Sunday, December 21, 2014

Require then acquire


Ashton Carter, the soon-to-be U.S. Secretary of Defense, has an essay in Foreign Affairs -- January/February 2014 -- in which he describes measures of the last few years to insert agility into the weapons procurement process.

We're not talking software in the Agile sense -- but some of those ideas scaled up (way up!) are applicable. Carter is talking about timeliness: being able to deliver in a timeframe that which is effective for the mission. But, of course, agilists know what that entails -- see the Agile Manifesto for guidance.

Carter goes on:
The usual process of writing “requirements,” an exhaustive process to determine what the military needs based on an analysis of new technology and future threats, would not suffice in Afghanistan and Iraq. That is because the system known inside the Pentagon as “require then acquire” demands complete information: nothing can be purchased until everything is known
Ooops! All of us who've studied these things and have had real experience in a real war time acquisition know that "require and acquire" is going to get you there fast enough.

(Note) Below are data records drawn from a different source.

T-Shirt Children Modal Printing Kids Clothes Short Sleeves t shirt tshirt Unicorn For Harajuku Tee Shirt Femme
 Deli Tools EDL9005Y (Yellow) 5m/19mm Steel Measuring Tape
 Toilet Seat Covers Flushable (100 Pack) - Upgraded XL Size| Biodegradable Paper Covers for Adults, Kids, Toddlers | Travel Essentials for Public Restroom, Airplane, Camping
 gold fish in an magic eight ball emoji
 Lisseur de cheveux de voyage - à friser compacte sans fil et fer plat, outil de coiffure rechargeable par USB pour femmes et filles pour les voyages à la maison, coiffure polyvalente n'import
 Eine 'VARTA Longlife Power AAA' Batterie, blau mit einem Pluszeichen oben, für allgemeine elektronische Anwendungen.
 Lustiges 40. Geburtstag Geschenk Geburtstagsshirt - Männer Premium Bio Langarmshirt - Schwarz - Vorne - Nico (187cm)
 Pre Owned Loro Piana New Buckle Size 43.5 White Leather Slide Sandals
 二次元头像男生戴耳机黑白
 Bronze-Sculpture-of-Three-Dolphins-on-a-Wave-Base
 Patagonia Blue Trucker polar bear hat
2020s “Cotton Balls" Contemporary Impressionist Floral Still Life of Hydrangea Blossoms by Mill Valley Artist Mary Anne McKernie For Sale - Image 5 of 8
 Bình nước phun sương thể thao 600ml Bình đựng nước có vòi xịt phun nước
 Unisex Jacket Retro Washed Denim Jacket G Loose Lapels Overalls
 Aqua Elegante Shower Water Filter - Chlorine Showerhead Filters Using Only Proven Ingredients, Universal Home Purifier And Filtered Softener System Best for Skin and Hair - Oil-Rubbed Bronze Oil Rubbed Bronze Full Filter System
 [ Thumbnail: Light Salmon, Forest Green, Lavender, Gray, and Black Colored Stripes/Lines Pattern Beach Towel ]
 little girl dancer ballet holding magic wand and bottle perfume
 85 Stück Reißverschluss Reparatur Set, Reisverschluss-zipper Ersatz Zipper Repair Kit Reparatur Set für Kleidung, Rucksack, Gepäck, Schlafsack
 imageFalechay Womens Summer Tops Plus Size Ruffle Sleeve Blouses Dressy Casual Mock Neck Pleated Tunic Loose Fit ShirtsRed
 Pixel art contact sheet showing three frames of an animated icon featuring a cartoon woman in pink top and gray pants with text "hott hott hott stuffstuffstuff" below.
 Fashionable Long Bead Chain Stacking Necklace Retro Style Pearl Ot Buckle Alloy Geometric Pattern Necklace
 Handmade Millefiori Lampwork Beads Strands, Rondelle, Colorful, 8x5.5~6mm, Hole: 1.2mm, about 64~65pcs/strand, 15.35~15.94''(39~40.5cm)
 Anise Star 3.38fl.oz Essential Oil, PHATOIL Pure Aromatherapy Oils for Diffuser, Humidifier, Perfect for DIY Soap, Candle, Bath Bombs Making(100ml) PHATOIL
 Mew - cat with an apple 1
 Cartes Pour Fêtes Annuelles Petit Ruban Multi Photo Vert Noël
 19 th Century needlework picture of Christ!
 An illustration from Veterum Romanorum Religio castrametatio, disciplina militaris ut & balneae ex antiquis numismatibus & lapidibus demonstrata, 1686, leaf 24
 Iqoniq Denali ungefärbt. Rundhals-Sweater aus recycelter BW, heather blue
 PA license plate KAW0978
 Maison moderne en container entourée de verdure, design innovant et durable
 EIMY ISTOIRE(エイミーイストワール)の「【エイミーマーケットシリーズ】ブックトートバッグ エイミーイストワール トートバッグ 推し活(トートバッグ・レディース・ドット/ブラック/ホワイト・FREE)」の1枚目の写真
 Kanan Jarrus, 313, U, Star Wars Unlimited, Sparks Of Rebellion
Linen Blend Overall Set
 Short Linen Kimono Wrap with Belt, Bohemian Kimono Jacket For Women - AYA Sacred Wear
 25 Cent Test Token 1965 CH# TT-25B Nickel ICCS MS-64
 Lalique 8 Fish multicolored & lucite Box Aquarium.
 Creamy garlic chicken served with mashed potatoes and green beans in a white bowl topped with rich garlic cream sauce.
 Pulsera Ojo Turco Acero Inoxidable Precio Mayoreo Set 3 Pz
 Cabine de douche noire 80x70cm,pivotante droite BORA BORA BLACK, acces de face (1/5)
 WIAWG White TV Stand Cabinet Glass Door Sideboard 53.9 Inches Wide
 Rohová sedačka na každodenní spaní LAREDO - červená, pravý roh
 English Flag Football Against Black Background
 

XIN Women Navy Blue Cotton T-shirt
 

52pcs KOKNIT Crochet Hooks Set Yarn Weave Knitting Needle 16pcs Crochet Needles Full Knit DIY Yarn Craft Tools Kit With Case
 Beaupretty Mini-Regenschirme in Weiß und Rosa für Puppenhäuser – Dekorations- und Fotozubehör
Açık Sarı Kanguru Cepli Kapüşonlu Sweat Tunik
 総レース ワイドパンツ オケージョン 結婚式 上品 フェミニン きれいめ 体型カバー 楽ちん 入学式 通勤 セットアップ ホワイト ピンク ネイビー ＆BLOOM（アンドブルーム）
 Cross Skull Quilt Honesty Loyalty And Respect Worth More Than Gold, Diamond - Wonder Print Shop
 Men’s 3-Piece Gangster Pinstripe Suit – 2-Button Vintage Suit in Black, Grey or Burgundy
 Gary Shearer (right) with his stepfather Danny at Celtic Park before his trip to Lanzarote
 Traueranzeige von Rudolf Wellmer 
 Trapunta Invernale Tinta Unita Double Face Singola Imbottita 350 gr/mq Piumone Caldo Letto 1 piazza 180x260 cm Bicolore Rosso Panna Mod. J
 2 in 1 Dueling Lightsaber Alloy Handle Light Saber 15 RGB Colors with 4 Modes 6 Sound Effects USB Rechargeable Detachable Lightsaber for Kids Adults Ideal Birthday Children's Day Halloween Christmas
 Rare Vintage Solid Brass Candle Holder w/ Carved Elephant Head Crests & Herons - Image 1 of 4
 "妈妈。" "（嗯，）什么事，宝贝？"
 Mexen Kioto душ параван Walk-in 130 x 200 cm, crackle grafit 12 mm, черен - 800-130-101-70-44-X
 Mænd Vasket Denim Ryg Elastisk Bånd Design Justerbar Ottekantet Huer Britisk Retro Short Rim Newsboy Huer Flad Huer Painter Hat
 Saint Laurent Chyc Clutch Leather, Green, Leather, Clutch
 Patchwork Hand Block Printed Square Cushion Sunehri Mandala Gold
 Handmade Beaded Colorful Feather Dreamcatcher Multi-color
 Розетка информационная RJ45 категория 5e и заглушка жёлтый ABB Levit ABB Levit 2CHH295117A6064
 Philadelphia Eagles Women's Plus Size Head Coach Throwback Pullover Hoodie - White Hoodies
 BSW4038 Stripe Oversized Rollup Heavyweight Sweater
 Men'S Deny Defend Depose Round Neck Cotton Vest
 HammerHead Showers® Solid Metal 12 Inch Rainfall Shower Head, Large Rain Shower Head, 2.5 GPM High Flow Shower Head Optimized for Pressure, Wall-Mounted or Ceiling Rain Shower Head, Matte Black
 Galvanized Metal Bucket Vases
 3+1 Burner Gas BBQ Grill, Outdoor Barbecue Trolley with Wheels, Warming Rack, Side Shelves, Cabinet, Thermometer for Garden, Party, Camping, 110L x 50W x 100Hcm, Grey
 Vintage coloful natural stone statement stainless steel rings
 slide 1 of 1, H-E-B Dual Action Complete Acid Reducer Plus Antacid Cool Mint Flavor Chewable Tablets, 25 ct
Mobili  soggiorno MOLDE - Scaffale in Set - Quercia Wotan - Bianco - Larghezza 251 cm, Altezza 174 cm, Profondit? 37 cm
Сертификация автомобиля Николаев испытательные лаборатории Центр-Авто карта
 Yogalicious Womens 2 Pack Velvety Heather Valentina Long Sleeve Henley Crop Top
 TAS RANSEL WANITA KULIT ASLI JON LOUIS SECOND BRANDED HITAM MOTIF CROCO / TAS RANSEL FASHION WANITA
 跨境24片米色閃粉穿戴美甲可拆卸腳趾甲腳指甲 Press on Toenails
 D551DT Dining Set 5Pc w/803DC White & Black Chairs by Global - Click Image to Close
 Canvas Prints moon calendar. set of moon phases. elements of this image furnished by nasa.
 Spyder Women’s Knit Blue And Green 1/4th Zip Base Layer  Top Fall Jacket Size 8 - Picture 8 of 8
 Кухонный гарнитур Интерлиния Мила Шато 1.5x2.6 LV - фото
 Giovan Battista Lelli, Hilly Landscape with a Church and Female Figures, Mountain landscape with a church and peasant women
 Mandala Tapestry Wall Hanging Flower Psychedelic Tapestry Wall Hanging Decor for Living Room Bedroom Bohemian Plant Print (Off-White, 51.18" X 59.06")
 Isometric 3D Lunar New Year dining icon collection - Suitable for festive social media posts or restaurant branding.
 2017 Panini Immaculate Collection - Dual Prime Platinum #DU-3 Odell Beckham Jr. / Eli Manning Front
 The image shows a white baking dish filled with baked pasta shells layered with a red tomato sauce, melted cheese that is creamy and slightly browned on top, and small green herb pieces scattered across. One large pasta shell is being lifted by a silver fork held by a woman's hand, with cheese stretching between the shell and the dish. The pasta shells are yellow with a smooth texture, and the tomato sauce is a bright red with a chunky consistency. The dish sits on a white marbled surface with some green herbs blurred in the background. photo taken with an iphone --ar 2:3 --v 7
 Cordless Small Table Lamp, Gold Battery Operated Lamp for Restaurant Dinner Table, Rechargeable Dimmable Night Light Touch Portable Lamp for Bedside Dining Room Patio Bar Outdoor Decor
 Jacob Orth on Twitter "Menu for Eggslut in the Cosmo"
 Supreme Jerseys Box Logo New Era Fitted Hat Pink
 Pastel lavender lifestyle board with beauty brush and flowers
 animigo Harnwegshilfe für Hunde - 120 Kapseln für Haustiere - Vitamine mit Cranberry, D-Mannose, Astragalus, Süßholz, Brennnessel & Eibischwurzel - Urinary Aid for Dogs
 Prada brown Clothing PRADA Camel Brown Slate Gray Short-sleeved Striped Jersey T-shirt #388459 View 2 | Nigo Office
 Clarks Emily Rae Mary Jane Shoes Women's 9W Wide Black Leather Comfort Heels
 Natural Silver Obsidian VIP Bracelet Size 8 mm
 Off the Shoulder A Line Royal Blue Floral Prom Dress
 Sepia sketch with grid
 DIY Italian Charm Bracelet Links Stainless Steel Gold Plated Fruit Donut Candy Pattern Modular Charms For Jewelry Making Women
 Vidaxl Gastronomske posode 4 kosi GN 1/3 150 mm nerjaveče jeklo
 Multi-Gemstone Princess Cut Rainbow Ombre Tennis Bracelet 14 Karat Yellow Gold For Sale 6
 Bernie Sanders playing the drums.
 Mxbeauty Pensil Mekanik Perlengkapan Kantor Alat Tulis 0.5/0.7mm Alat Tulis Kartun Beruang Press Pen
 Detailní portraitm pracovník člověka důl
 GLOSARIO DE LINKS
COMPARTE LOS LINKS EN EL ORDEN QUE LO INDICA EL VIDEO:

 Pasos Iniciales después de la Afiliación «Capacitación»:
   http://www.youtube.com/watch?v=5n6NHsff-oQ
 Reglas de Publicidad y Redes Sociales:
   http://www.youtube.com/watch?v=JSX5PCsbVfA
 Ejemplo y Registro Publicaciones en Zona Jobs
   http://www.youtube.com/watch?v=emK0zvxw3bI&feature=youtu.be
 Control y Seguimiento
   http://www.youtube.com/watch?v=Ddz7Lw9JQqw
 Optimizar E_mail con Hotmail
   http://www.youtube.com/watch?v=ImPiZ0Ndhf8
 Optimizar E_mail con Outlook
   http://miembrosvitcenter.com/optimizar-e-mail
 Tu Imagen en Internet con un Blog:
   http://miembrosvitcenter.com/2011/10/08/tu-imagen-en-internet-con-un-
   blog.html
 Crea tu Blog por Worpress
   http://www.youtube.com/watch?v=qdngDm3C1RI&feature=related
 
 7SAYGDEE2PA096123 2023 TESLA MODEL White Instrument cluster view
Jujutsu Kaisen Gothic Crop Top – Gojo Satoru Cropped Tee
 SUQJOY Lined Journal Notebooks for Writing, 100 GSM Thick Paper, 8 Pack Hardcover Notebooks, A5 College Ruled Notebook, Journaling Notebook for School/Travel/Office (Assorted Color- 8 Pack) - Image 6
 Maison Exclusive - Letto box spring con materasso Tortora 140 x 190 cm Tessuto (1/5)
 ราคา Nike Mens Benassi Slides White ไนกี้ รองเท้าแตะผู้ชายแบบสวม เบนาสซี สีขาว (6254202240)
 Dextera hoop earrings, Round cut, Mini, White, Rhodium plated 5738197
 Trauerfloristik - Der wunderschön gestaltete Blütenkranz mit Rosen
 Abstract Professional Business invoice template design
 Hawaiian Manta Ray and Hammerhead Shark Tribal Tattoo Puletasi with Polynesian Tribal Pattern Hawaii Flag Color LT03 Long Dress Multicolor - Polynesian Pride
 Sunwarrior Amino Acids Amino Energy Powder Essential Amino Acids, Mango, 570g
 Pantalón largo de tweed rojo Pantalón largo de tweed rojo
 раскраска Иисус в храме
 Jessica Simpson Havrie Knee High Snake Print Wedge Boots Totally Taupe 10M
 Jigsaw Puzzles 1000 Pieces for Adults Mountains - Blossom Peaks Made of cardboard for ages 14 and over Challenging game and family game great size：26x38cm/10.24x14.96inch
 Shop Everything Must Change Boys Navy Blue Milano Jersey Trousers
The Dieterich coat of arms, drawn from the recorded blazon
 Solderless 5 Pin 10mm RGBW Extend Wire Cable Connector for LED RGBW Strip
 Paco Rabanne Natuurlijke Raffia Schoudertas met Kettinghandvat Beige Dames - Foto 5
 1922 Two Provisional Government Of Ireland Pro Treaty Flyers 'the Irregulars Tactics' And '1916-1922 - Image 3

Solution: State the mission in functional system terms; provide the timeline. Then give latitude to make it work, and then delegate to the lowest possible level to increase velocity. After all, velocity and management layers are an oxymoron -- to have one requires that you ditch the other.

Or, as Robert Gates, former US Defense Secretary said:
The troops are at war; the Pentagon is not

Thus was born the ...  "Warfighter SIG, which became the Pentagon’s central body for senior officials to weigh solutions to battlefield problems, locate the necessary resources to pay for them, and make the right acquisitions."

And, guess what they discovered: In urgent situations, the Pentagon will have to settle for an imperfect solution that nonetheless fills a gap.

The lesson learned is the same lesson learned and re-learned: To get it done, the day-to-day bureaucracy -- or the matrix system in projects -- always marches too slowly to the wrong drumbeat. Thus, special organizations, SWAT Teams, Task Forces, etc are stood up to get the job done, sweeping aside the protections of due process, taking risks, and driving for payoff.

Would that it work that way and produce results without a war to drive it!